Task prompt:
Write out every line below again exactly as it stands, skipping each image.
-----
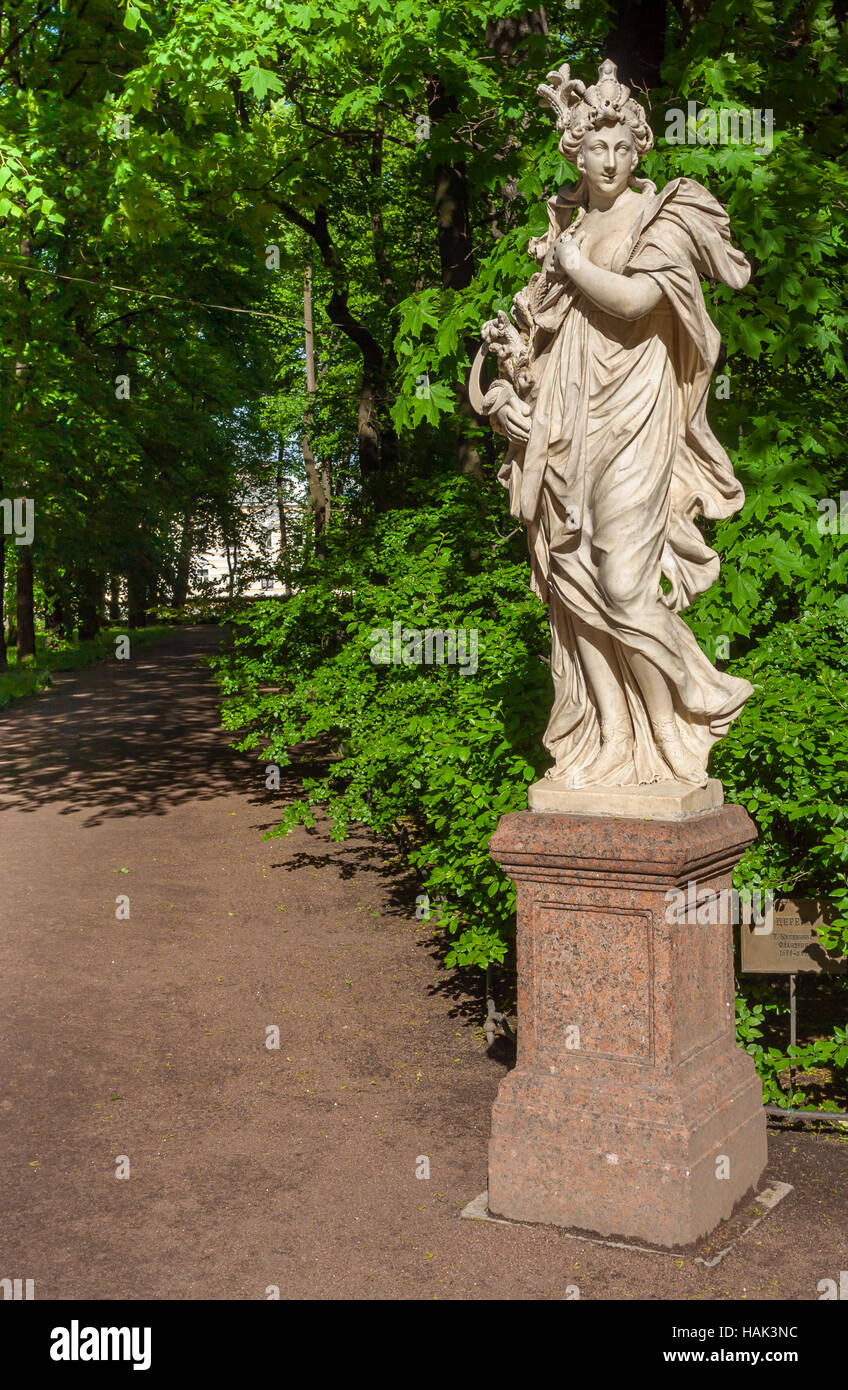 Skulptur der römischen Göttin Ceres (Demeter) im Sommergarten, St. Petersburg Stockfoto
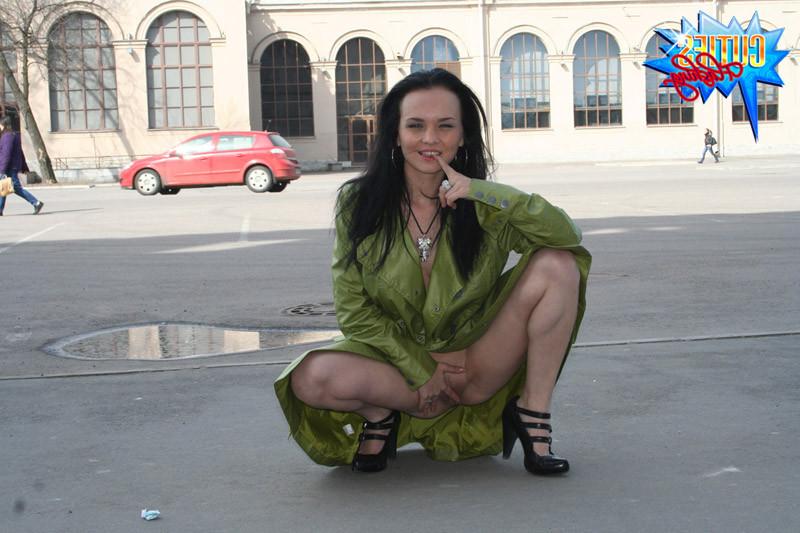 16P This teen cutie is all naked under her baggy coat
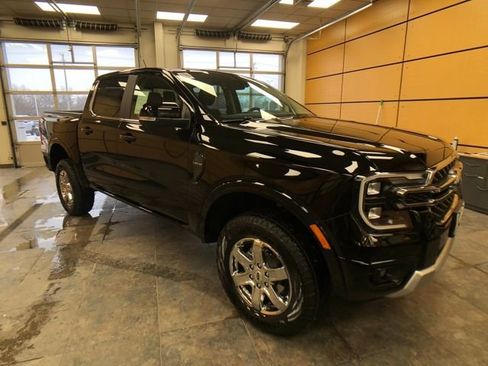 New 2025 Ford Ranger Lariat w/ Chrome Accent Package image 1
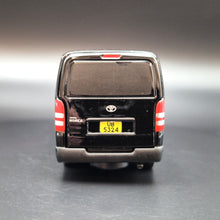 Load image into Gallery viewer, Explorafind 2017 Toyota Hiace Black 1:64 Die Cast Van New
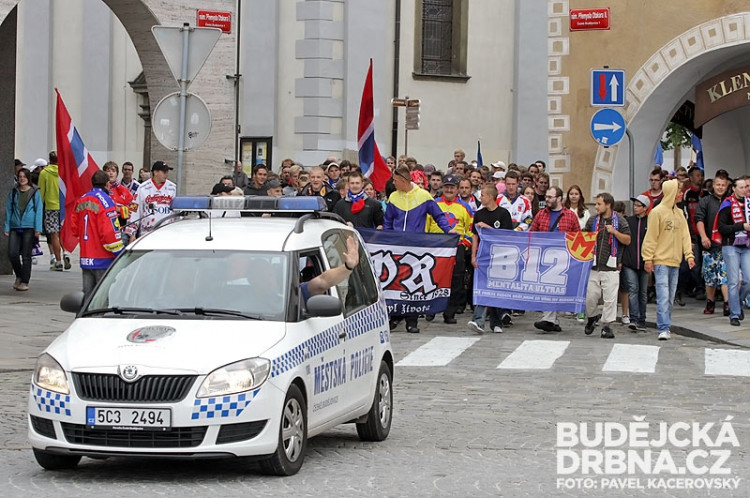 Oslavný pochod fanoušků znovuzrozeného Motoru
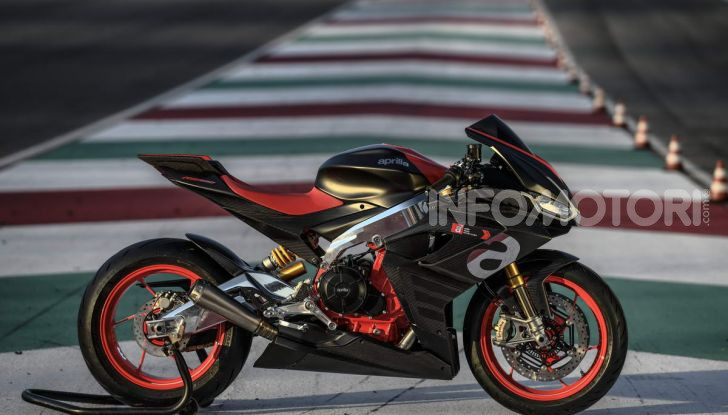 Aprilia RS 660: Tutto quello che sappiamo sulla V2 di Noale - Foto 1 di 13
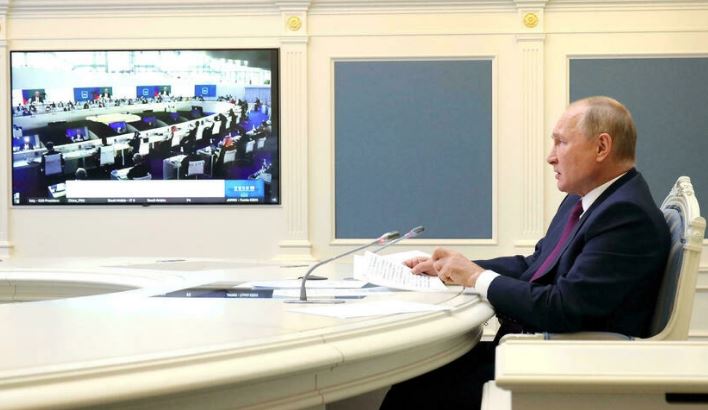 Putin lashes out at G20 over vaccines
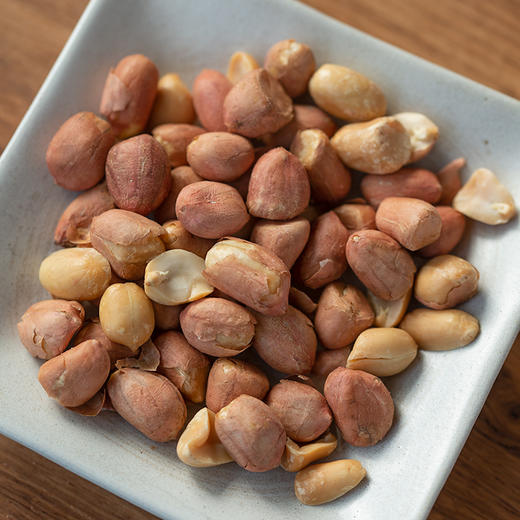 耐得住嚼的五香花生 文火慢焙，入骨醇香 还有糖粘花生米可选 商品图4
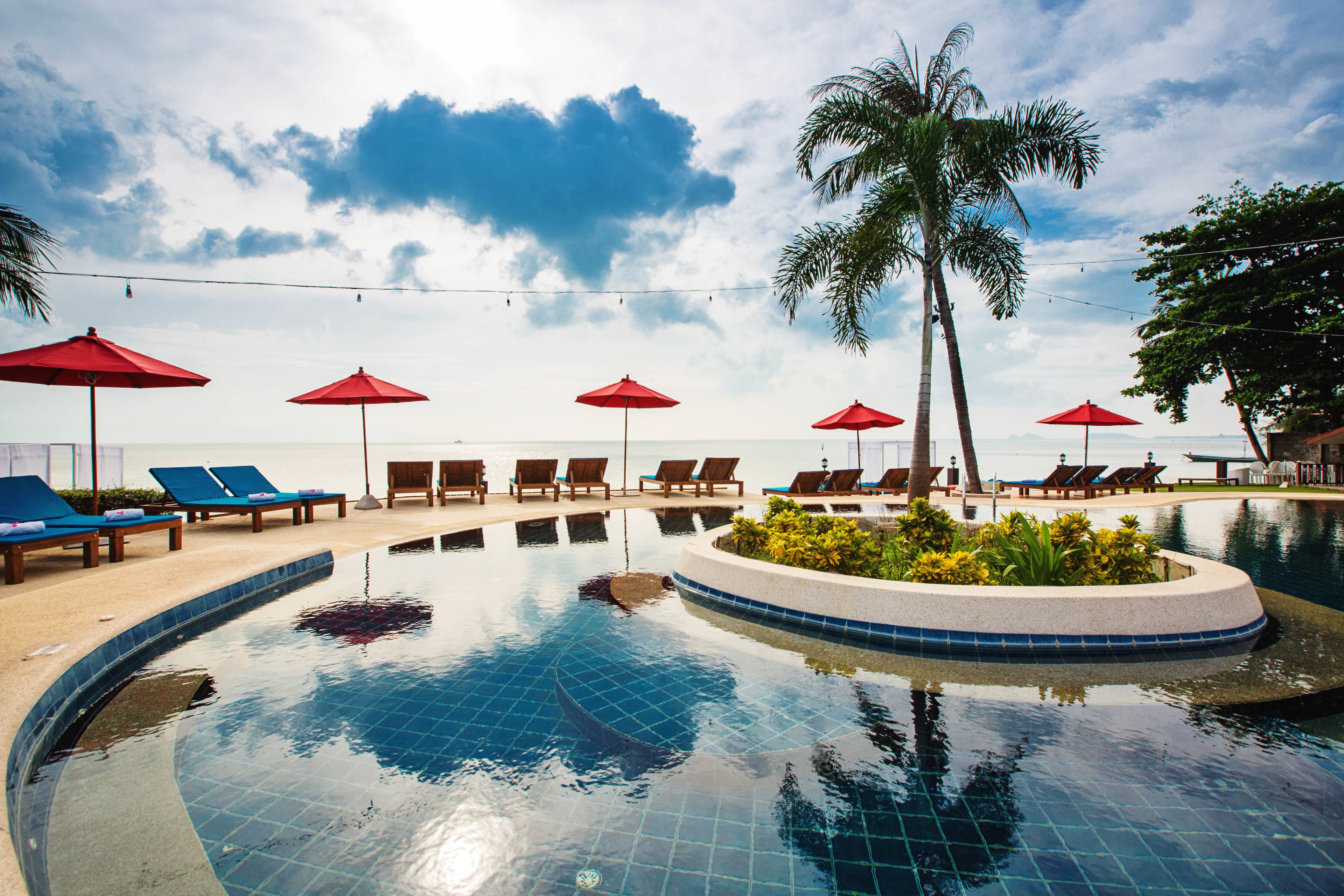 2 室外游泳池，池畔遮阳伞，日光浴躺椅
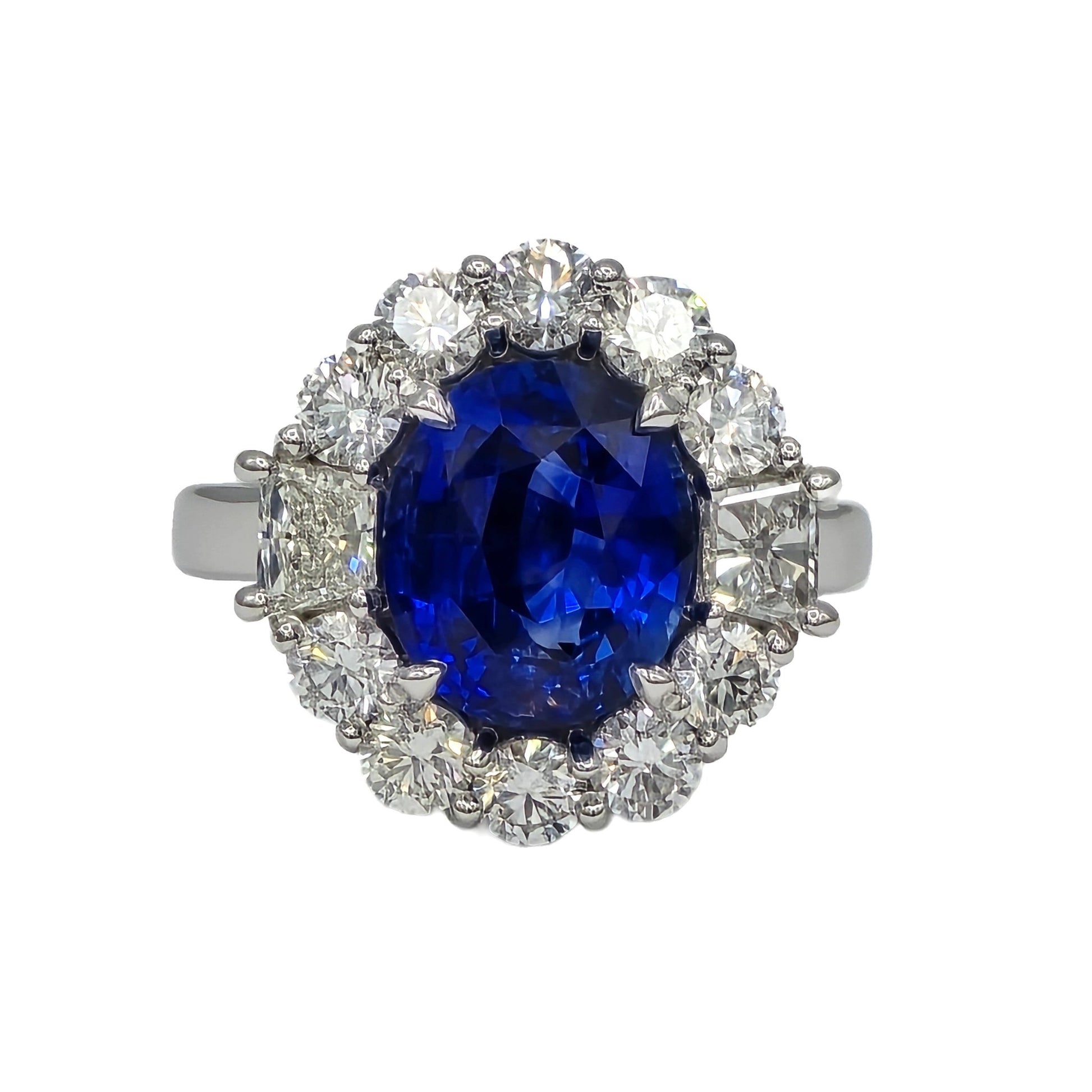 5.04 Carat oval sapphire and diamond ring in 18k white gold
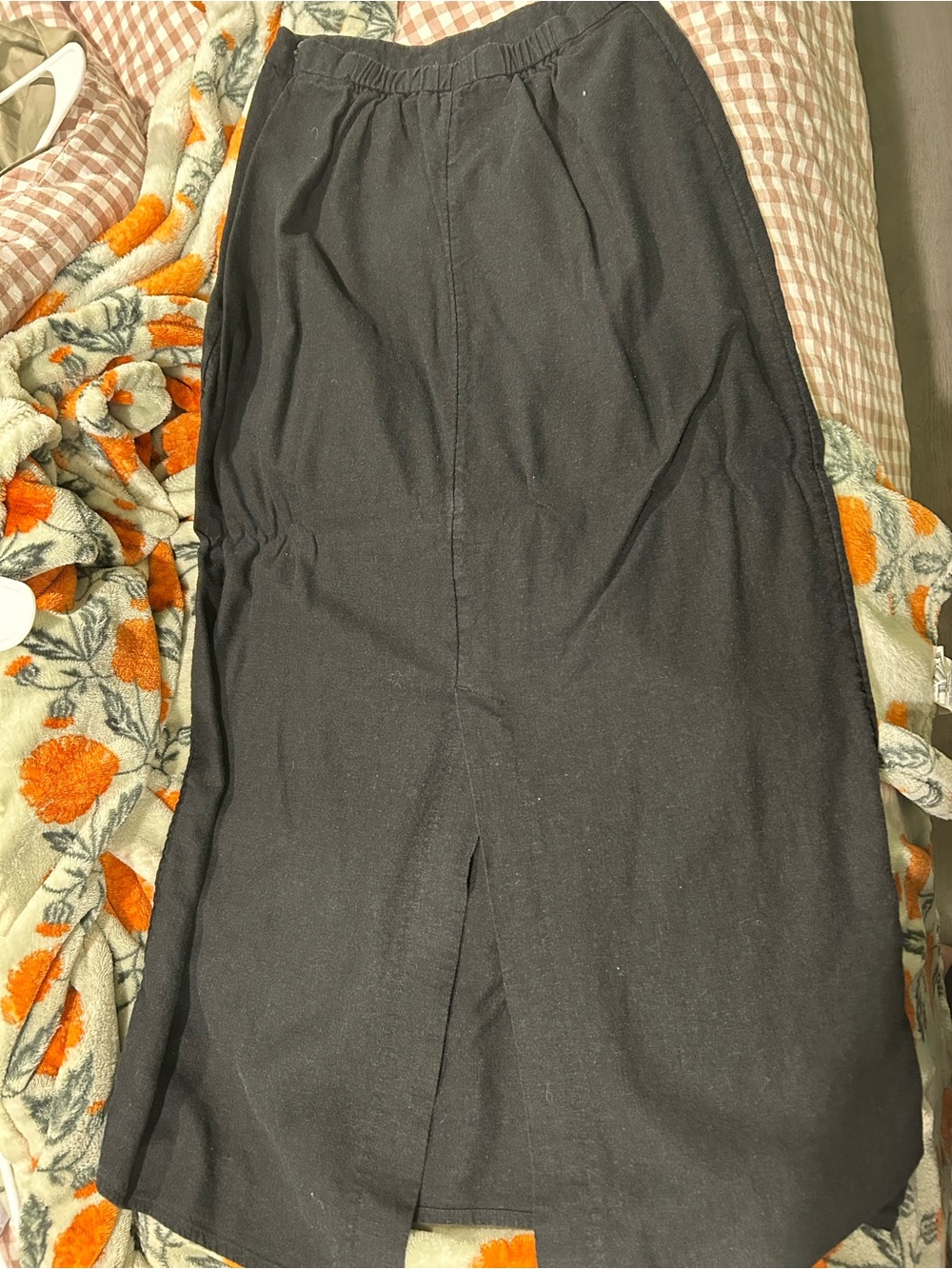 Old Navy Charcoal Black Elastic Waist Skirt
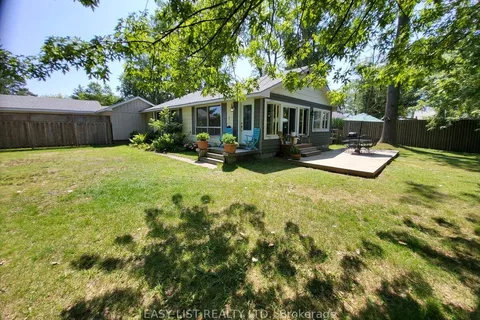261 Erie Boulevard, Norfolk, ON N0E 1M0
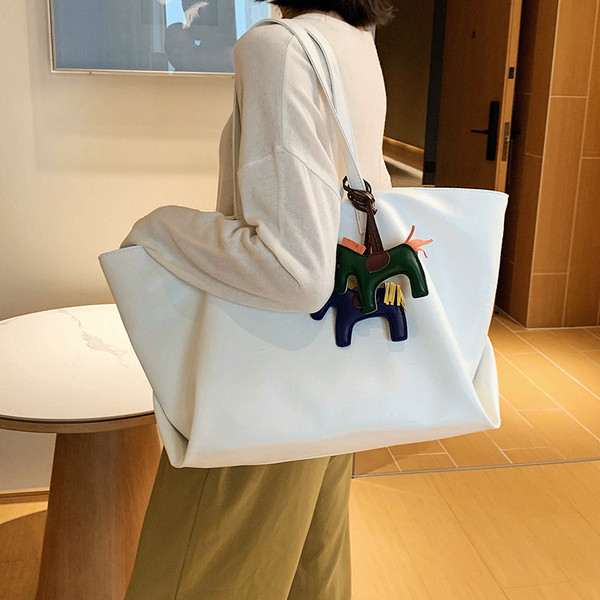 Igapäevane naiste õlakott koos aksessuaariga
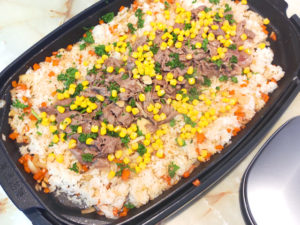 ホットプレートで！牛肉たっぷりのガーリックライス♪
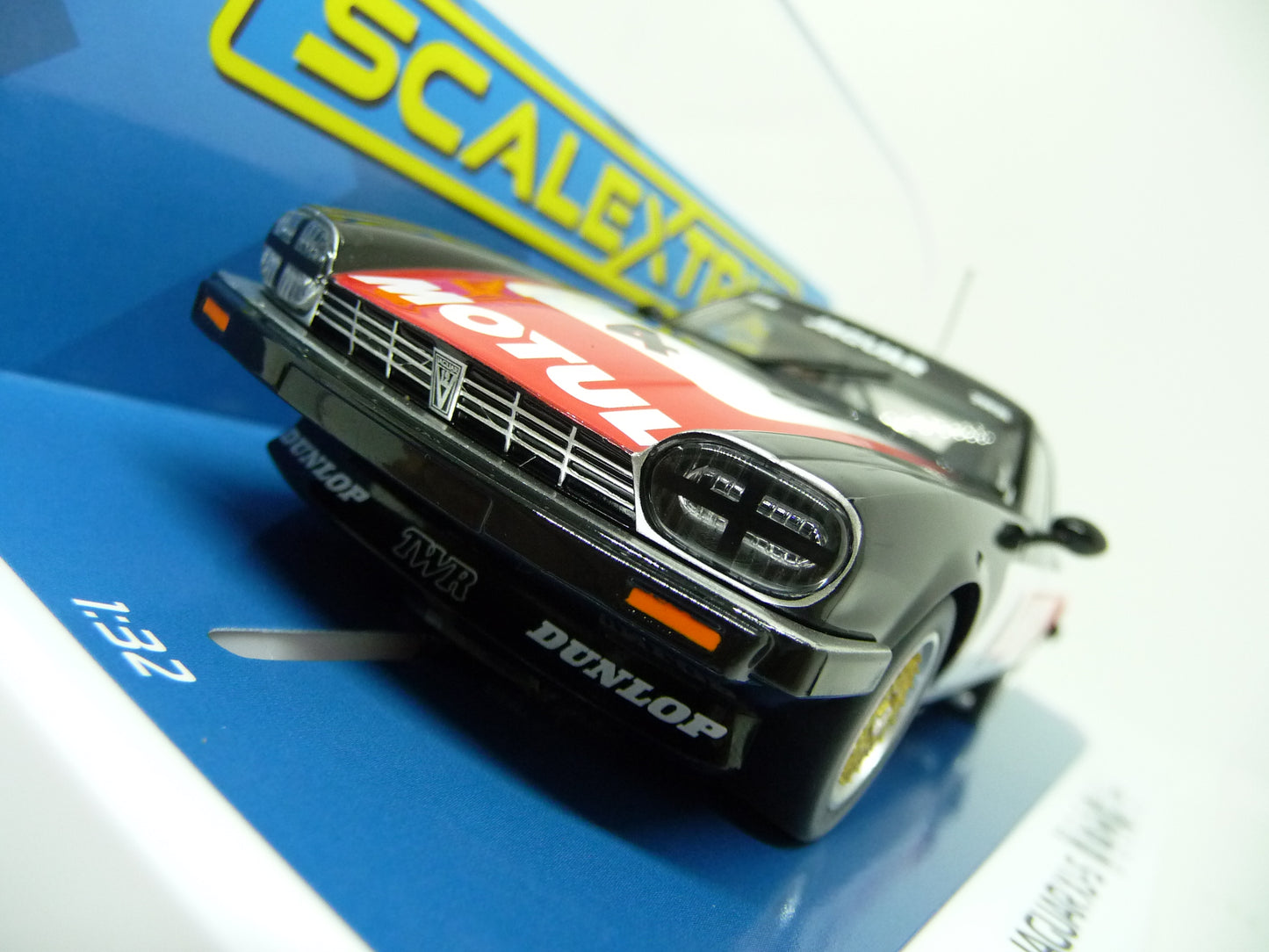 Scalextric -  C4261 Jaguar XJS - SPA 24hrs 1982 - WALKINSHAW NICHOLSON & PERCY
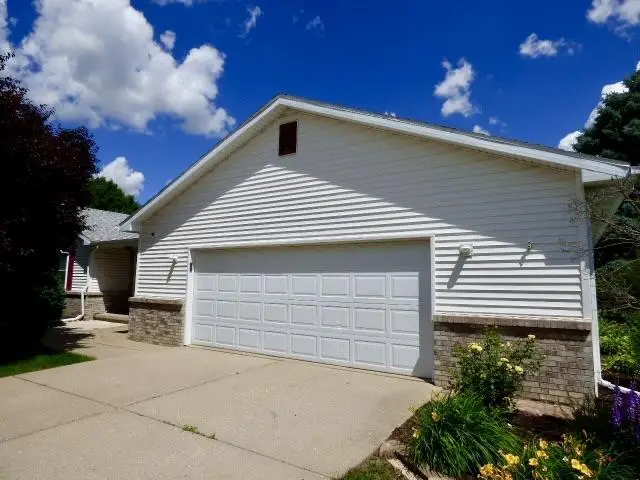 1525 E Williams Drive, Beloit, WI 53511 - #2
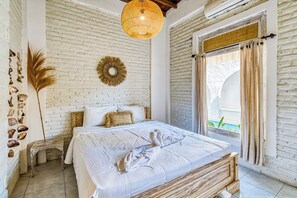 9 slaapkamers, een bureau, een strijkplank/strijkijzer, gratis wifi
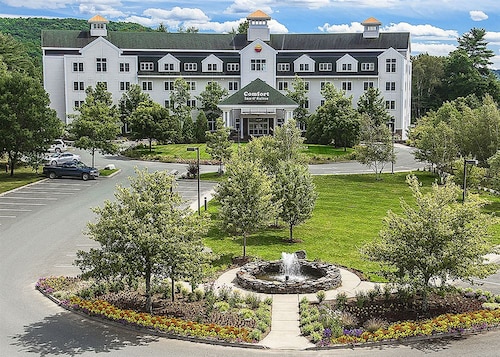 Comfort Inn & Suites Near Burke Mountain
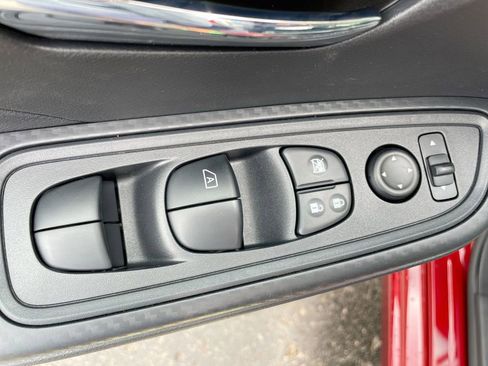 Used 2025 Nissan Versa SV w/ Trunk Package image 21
-----
Task response:
 Skulptur der römischen Göttin Ceres (Demeter) im Sommergarten, St. Petersburg Stockfoto
 16P This teen cutie is all naked under her baggy coat
 New 2025 Ford Ranger Lariat w/ Chrome Accent Package image 1
 Load image into Gallery viewer, Explorafind 2017 Toyota Hiace Black 1:64 Die Cast Van New
 Oslavný pochod fanoušků znovuzrozeného Motoru
 Aprilia RS 660: Tutto quello che sappiamo sulla V2 di Noale - Foto 1 di 13
 Putin lashes out at G20 over vaccines
 耐得住嚼的五香花生 文火慢焙，入骨醇香 还有糖粘花生米可选 商品图4
 2 室外游泳池，池畔遮阳伞，日光浴躺椅
 5.04 Carat oval sapphire and diamond ring in 18k white gold
 Old Navy Charcoal Black Elastic Waist Skirt
261 Erie Boulevard, Norfolk, ON N0E 1M0
 Igapäevane naiste õlakott koos aksessuaariga
 ホットプレートで！牛肉たっぷりのガーリックライス♪
 Scalextric -  C4261 Jaguar XJS - SPA 24hrs 1982 - WALKINSHAW NICHOLSON & PERCY
 1525 E Williams Drive, Beloit, WI 53511 - #2
 9 slaapkamers, een bureau, een strijkplank/strijkijzer, gratis wifi
 Comfort Inn & Suites Near Burke Mountain
 Used 2025 Nissan Versa SV w/ Trunk Package image 21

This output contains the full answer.